ACTIVITY —
Everything from the line containing "Обмен Подогреватель Canpol babies" to the end of the records should be reproduced exactly, and nothing before it.
⁂
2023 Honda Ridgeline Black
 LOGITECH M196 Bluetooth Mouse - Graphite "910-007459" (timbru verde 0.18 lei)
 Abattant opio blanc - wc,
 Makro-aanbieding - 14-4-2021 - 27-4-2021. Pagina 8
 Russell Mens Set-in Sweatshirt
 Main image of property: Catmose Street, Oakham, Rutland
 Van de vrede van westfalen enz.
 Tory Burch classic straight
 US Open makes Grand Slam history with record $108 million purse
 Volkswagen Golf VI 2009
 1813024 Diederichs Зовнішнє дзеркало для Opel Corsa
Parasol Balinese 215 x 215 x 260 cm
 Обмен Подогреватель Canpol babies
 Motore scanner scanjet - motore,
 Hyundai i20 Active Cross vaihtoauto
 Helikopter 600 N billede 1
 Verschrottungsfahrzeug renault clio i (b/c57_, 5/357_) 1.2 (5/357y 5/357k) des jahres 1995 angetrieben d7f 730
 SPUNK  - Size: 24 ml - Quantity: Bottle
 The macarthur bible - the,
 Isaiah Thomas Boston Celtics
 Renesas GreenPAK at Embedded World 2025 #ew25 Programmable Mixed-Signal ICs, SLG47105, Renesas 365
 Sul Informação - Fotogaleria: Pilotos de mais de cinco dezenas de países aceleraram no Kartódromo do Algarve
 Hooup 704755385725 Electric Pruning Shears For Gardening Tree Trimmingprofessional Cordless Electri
⁂
YOUR RESPONSE —
 Обмен Подогреватель Canpol babies
 Motore scanner scanjet - motore,
 Hyundai i20 Active Cross vaihtoauto
 Helikopter 600 N billede 1
 Verschrottungsfahrzeug renault clio i (b/c57_, 5/357_) 1.2 (5/357y 5/357k) des jahres 1995 angetrieben d7f 730
 SPUNK  - Size: 24 ml - Quantity: Bottle
 The macarthur bible - the,
 Isaiah Thomas Boston Celtics
 Renesas GreenPAK at Embedded World 2025 #ew25 Programmable Mixed-Signal ICs, SLG47105, Renesas 365
 Sul Informação - Fotogaleria: Pilotos de mais de cinco dezenas de países aceleraram no Kartódromo do Algarve
 Hooup 704755385725 Electric Pruning Shears For Gardening Tree Trimmingprofessional Cordless Electri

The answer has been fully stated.